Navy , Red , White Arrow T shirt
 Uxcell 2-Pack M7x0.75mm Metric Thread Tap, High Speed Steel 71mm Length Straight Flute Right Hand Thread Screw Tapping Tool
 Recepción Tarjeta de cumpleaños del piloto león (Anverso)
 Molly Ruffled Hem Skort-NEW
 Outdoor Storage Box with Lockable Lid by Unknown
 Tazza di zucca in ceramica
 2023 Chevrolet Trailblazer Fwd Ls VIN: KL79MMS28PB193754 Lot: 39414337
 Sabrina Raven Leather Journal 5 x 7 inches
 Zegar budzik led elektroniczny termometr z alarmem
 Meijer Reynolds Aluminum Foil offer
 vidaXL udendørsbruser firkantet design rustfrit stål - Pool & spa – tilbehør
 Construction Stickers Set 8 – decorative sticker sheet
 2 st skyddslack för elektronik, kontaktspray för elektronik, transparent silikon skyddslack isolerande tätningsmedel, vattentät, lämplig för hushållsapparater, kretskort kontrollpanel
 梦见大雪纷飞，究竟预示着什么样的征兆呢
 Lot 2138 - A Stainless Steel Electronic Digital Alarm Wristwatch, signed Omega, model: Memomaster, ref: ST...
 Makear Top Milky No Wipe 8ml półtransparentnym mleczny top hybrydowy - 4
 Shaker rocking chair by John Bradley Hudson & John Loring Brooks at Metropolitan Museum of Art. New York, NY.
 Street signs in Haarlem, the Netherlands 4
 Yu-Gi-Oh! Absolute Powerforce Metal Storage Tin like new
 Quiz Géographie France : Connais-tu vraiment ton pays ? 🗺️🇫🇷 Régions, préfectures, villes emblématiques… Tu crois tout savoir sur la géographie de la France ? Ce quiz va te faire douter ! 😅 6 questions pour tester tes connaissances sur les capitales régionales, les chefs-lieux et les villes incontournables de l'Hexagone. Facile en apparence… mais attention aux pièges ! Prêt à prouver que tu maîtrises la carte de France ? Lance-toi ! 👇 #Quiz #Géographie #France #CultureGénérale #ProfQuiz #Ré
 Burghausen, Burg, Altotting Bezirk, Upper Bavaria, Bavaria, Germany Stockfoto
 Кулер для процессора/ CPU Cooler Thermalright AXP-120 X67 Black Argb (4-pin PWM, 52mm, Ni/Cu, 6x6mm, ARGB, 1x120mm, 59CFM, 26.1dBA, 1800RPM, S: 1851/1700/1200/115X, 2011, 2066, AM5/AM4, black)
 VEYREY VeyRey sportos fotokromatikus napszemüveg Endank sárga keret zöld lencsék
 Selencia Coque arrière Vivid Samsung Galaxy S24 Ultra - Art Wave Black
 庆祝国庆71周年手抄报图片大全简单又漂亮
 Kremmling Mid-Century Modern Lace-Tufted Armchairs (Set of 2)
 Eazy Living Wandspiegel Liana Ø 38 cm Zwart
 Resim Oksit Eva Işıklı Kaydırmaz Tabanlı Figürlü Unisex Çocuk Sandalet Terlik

YOUR ASSIGNMENT: Your answer must consist solely of the lines above between the line holding "Makear Top Milky" and the line holding "Yu-Gi-Oh! Absolute Powerforce", inclusive, copied exactly.

TASK SOLUTION:
 Makear Top Milky No Wipe 8ml półtransparentnym mleczny top hybrydowy - 4
 Shaker rocking chair by John Bradley Hudson & John Loring Brooks at Metropolitan Museum of Art. New York, NY.
 Street signs in Haarlem, the Netherlands 4
 Yu-Gi-Oh! Absolute Powerforce Metal Storage Tin like new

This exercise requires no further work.